29 junho 2008













Certa voz na noite, ruivamente

Esquivo sortilégio o dessa voz, opiada
Em sons cor de amaranto, às noites de incerteza,
Que eu lembro não sei de onde - a voz de uma Princesa
Bailando meia nua entre clarões de Espada.

Leonina, ela arremessa a carne arroxeada;
E bêbada de Si, arfante de Beleza, 
Acera os seios nus, descobre o sexo... Reza
O espasmo que a estrebucha em Alma copulada...

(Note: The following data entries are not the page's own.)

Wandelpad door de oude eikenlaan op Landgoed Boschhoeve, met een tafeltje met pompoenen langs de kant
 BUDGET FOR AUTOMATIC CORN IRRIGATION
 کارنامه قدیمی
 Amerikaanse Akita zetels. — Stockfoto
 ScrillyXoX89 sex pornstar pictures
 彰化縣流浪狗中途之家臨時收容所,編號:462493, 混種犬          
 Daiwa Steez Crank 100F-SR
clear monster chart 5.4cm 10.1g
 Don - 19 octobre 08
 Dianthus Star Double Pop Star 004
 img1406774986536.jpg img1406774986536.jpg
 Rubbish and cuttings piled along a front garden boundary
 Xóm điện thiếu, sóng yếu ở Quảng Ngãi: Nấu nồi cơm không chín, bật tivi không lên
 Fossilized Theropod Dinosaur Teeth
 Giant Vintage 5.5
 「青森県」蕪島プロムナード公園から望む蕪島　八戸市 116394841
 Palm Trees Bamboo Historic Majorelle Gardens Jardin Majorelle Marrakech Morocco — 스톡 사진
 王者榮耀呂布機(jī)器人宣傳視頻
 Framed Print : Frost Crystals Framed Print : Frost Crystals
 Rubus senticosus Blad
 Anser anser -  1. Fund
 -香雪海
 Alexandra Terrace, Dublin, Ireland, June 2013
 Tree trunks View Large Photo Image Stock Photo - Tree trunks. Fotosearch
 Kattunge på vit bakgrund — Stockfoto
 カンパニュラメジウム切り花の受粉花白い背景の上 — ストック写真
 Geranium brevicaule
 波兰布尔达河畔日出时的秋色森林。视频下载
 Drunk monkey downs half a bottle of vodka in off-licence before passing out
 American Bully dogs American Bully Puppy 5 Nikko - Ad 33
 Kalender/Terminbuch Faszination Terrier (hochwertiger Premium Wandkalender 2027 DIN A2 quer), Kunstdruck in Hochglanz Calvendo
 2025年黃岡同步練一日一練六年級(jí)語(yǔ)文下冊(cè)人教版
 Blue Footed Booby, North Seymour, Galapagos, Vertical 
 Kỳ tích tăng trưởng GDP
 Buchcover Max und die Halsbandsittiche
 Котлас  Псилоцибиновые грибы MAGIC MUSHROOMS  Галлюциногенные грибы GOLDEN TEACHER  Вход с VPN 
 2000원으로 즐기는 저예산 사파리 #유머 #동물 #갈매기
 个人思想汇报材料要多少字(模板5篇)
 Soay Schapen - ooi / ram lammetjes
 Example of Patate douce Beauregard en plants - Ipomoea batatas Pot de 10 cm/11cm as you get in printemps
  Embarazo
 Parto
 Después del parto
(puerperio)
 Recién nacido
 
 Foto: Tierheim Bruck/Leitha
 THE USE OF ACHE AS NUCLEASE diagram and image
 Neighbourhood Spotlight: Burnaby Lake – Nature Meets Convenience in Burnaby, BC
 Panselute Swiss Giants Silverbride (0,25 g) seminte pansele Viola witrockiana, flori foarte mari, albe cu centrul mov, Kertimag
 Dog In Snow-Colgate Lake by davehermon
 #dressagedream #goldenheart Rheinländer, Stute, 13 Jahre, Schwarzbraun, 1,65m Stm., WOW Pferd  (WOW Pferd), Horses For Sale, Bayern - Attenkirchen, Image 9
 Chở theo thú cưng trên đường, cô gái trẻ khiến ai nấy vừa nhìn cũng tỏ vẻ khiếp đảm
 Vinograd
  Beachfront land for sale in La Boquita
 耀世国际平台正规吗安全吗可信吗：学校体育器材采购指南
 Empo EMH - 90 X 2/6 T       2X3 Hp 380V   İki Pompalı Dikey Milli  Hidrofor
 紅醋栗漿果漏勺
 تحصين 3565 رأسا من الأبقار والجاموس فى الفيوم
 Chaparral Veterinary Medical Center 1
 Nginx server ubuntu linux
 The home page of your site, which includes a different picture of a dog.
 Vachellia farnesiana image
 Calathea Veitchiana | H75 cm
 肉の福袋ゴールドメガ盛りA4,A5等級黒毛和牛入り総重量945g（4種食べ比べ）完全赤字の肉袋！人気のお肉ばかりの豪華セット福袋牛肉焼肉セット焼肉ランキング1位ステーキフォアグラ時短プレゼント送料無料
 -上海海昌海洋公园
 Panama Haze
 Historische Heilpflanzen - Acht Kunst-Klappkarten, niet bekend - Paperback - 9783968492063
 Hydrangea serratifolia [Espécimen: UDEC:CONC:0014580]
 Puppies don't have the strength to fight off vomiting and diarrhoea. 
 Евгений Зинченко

Enquanto nunca a vi mesmo em visão. Somente
A sua voz, a fulcra ao meu lembrar-me. Assim 
Não lhe desejo a carne - a carne inexistente...

É só de voz-em-cio a bailarina astral - 
E nessa voz-Estátua, ah! nessa voz total,
É que eu sonho esvair-me em vícios de marfim...


Mário de Sá-Carneiro
Lisboa, 31 de Janeiro de 1914
em Poesia Completa

3 comentários:

Anónimo disse...

Na linha do "Salomé". Este Mário era mesmo bom.

Anónimo disse...

muitas vezes tristemente esquecido...

Anónimo disse...

O actor e declamador André Gomes já o evocou váris vezes de forma nagnífica. Tive o privilégio de assistir a uma sessão quase privada na "Eterno Retorno", há uns cinco anos.